There is little doubt that we have too much waste and nowhere to put it. Whilst increasing pressure is being put on the general public to play their part in helping to protect the future it is investors who are putting their money where their mouth is. Increasing amounts of money is being invested into waste management to help fund the invention that could save the world. So here are the latest innovations that could well be tackling the very threatening (if slightly unglamorous) problem of waste management in the near future:
Enhanced Landfill mining
Enhanced Landfill mining could well alter the current state of waste affairs, having been piloted at a landfill site in Belgium it has shown promising results. The REMO landfill site holds 16 million tonnes of waste. It has been suggested 45% of this could be recycled with the remaining portion being used as a source of fuel. The idea behind this innovation is relatively simple: landfills would be re-opened with waste mined and fed to a material recuperation process. A decision tool has been created which sorts the wheat the chaff, or namely the material that can be recycled and that should be put towards energy. Not only would this help reduce recycling, but would allow for us to go back in time and salvage material that has been previously dumped.

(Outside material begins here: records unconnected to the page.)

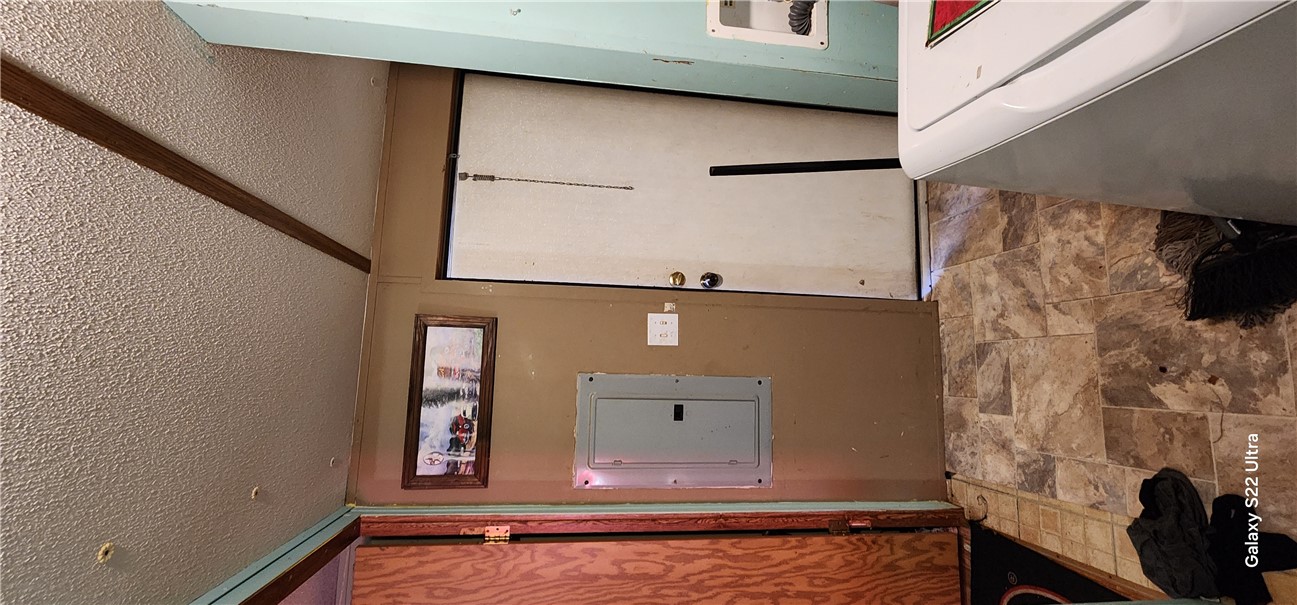 326 Doyle Street Westminster, SC 29693 - Photo 14 of 26 This functional utility area features vinyl flooring and provides a dedicated space for laundry.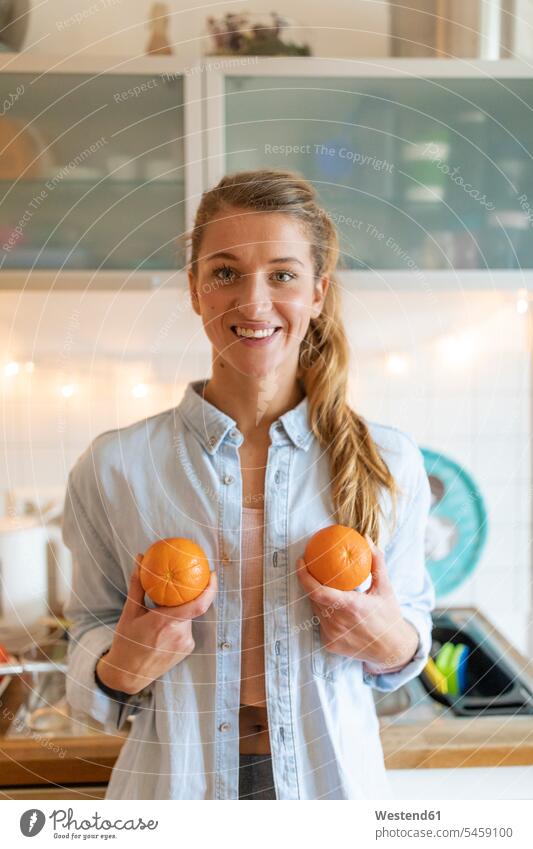 Portrait of happy young woman holding oranges at home human human being human beings humans person persons celibate celibates singles solitary people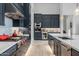 Modern kitchen with white quartz countertops and dark blue cabinetry at 17213 E Morning Vista Ct, Rio Verde, AZ 85263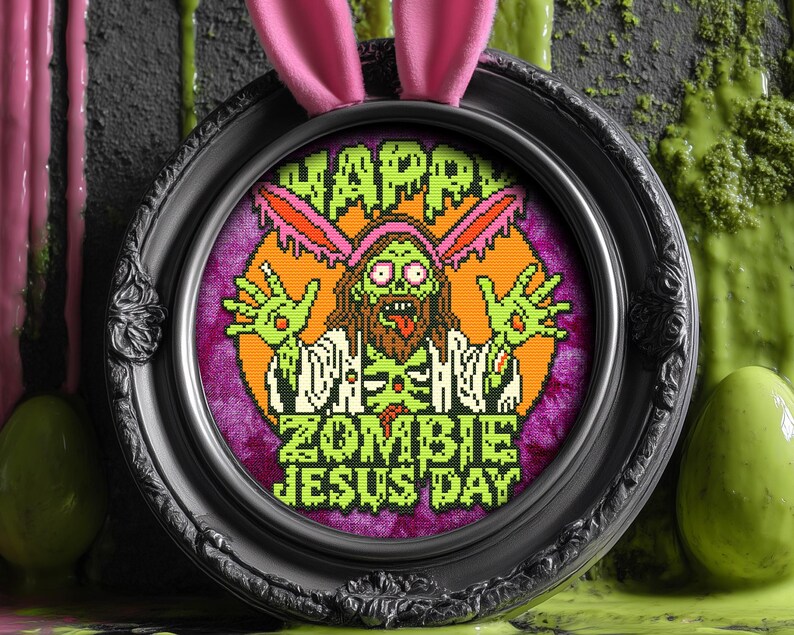 May include: A black framed embroidery hoop with a purple background and a green zombie Jesus wearing a bunny ear headband. The text reads "Happy Zombie Jesus Day".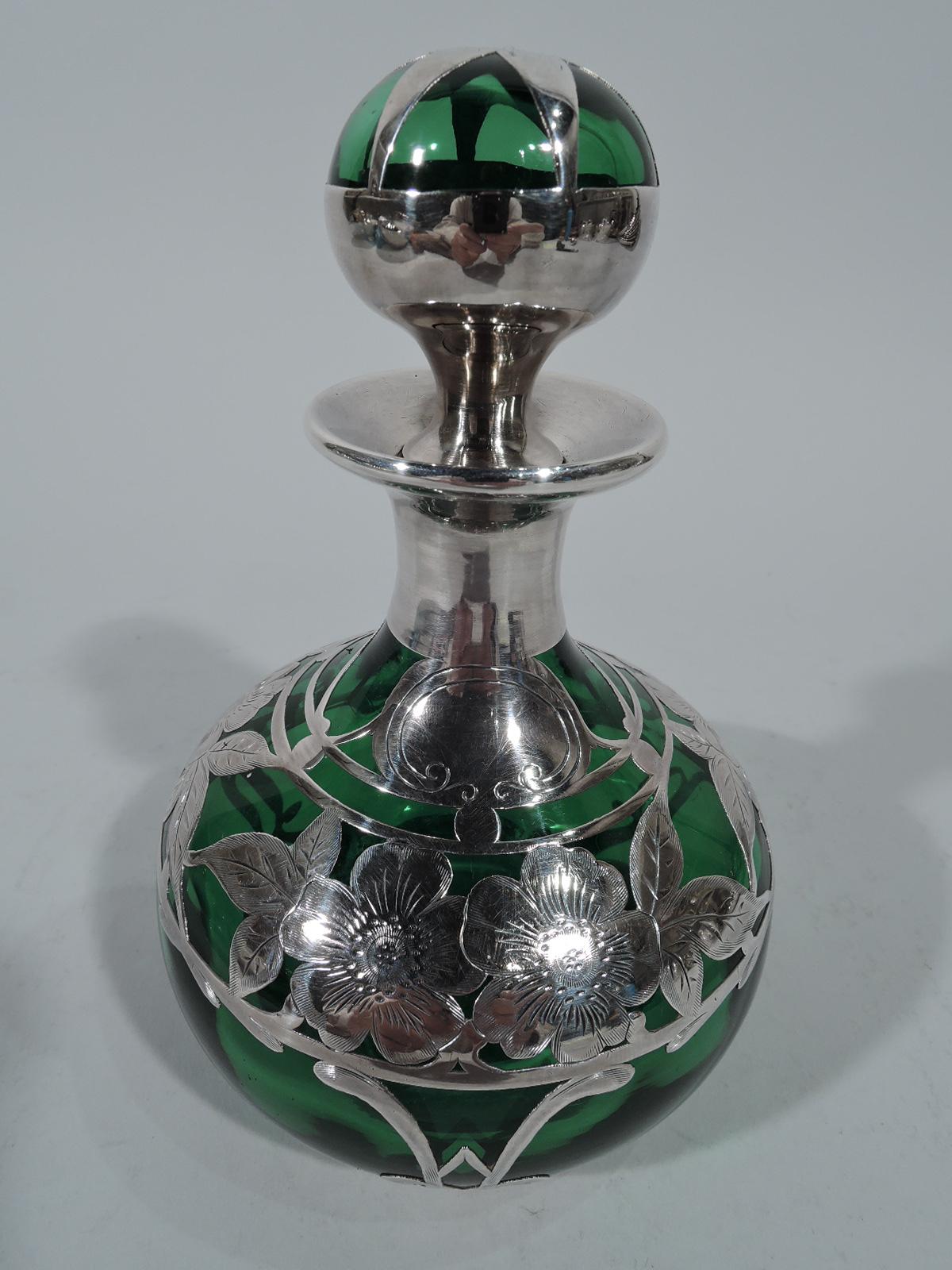 American Art Nouveau emerald glass perfume with silver overlay. Globular body with short neck and everted rim. Ball stopper with short plug. Engraved overlay in form of concentric bands inset with flowers. Scrolled cartouche (vacant). Stopper top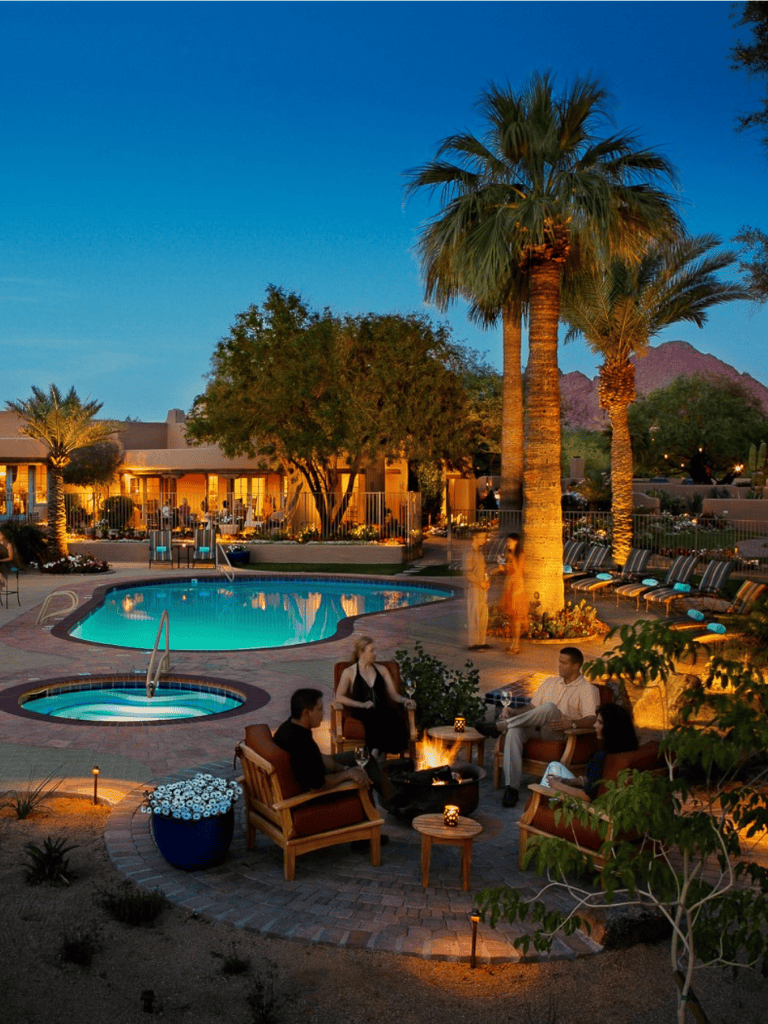 Relaxing poolside evening at a luxurious resort with palm trees and cozy outdoor seating.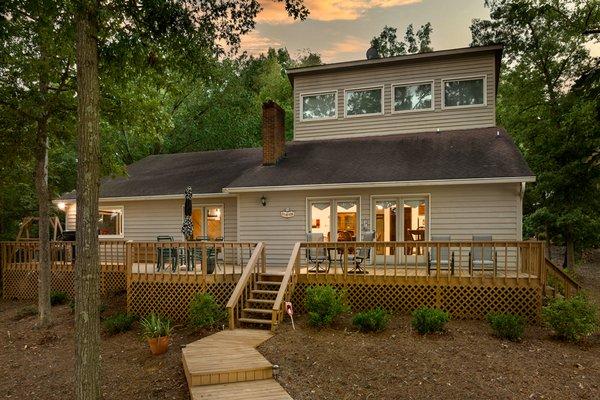 Here is a twilight shot of a beautiful house nestled in the woods. www.sixcentsmedia.com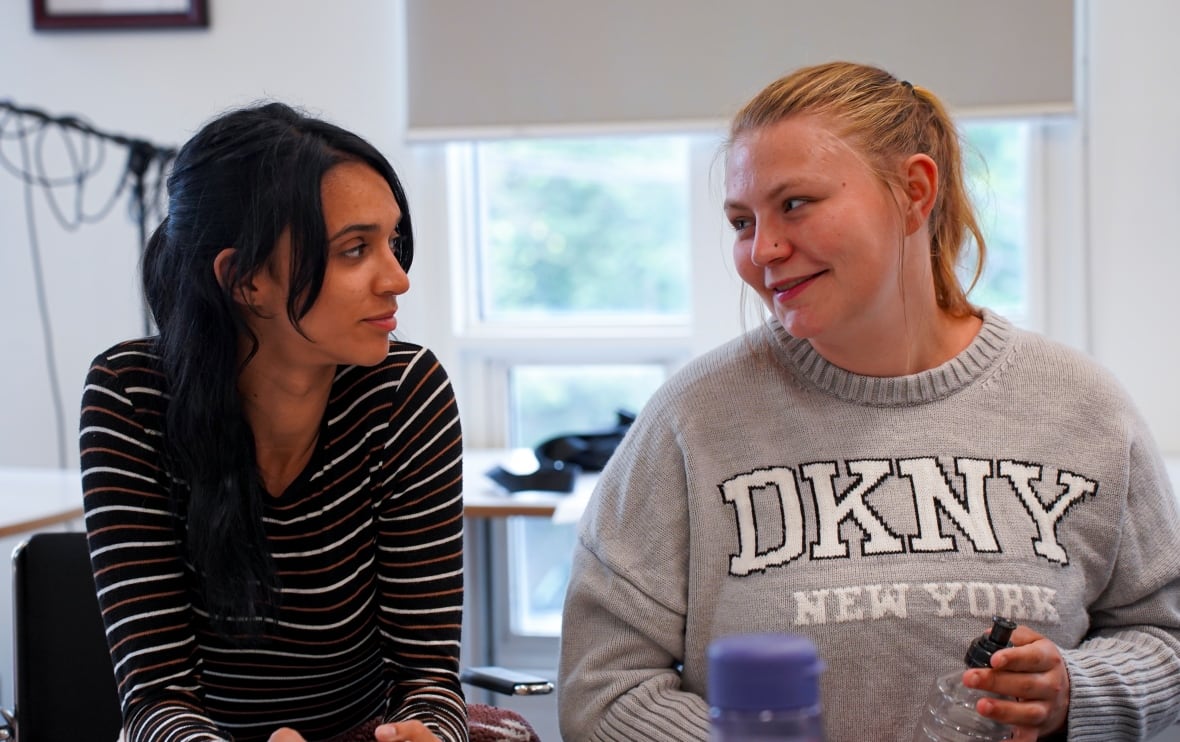 Two people sit and look at each other. 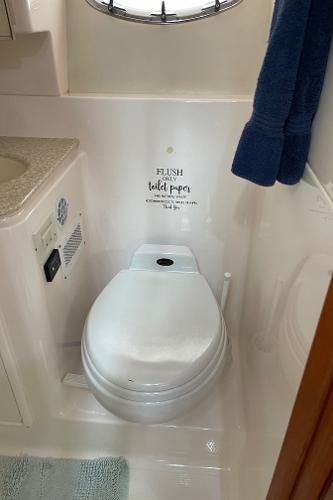 The image shows a clean, white boat toilet with a towel hanging nearby.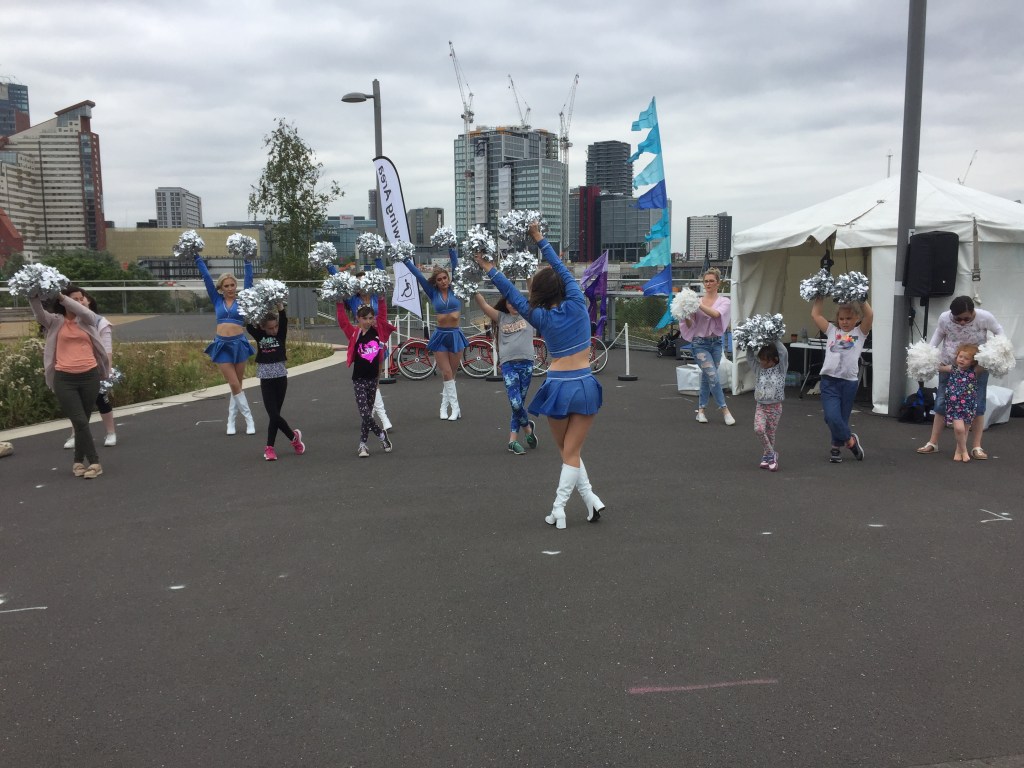 Cheerleaders performing a routine, wearing blue tops, short blue skirts and white boots, and waving silver pom-poms. A few members of the public, including adults and children, also have silver pom-poms as they join in.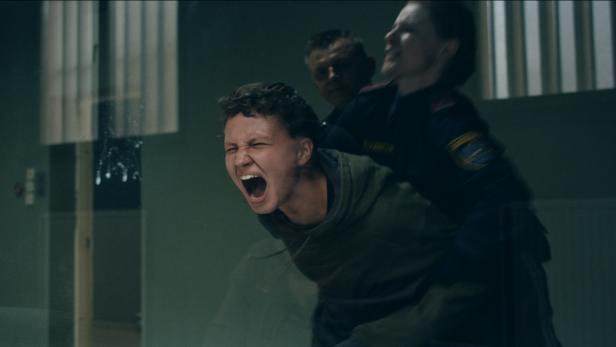 Eine junge Frau schreit, während sie von zwei Polizisten abgeführt wird.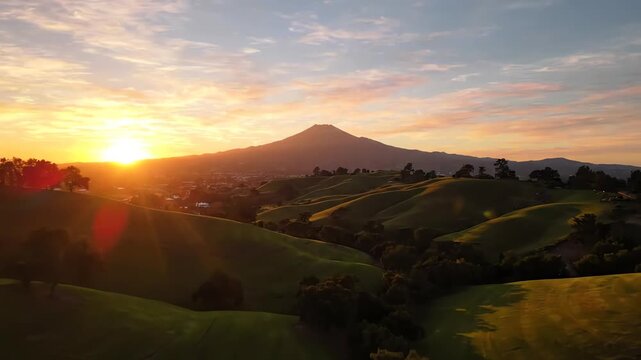 Aerial view of golden sunset light sweeping over the green slopes of Dougherty Hills with Mount Diablo standing tall in San Ramon California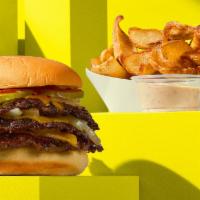 Triple Smashburger Combo · Triple cheeseburger, freshly smashed, seared, and topped with American cheese, pickles, gril...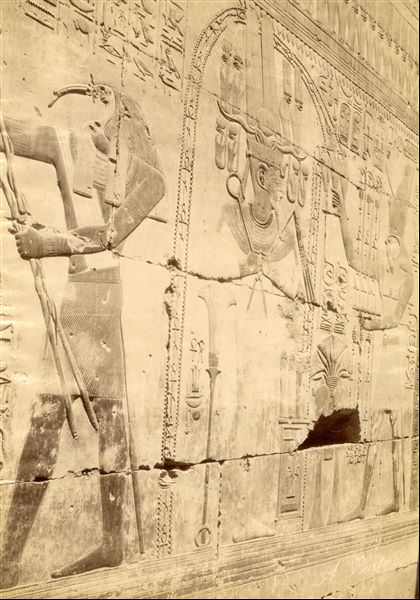 The photograph shows a detail of the texts and images from the chapel of Osiris in the Temple of Seti I at Abydos. In the scene, the god Harsiesi (right) purifies the pharaoh dressed in Osiris-like robes (centre), and on the left the god Thoth performs another ritual. The author's signature is at the bottom right.   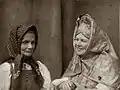 Photographie sépia d'une vieille femme portant un fichu, la main gauche serrée dans celles d'une quadragénaire portant une coiffe de tissu complexe avec motifs floraux, sur fond de rideau de théâtre.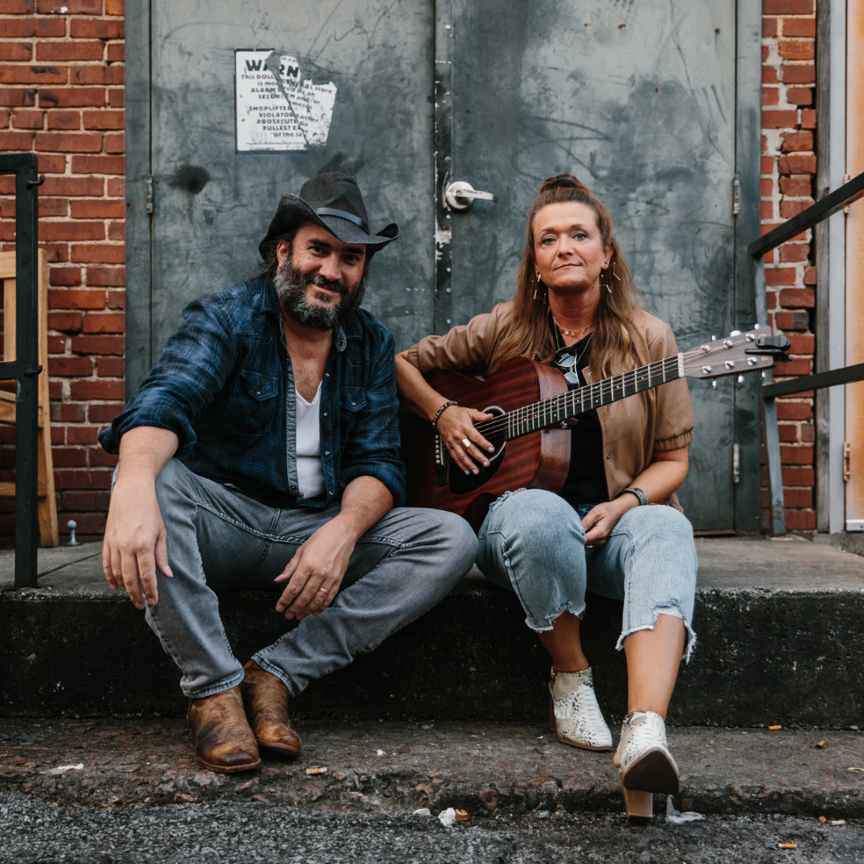 A man and woman sitting on a doorstep holding musical instruments.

The powering agriculture competition takes place annually and supports new projects that are designed to ease the energy strain on the farming industry, particularly in developing countries. Recent years have seen some phenomenal inventions that could have a serious impact on the amount of waste we produce. Award winning innovates have included India’s Promethean Power Systems, which use solar energy to cool milk as well as a cooling system that is powered by cow waste. The impact of this could be pretty powerful – especially as an increasing global population is making food growth an extremely pressing concern.
Anaerobic digestion is according to Waste Management world, “the most innovative and useful technologies by our industry in recent years.” Essentially it breaks down bio-waste, and then as if this wasn’t enough, it then converts this into energy. It will not only help reduce the current level of waste, but also find a helpful way for it to contribute to society. It’s frankly a really fantastic innovation and at Brantlegh waste we cannot stress how impassioned the general public should be about this latest innovation.
Zero emission cars
We are told over and over again that our cars are bad for the environment, our waistline and society in general. However, given the alternatives which can involve being stuck on a rather cramped metro crawling through Manchester or the even less attractive bus route it is unsurprising that most people choose to remain loyal to their automobile and drive. For convenience, expediency, and really because it is just a basic human right. However, driving could well become a far cleaner mode of transport as zero emission cars are slowly being developed to tackle this ongoing problem. If for no other reason than government policy is being shaped around that sentiment. Our own British government has confirmed that by 2050 all cars must be zero emission vehicles.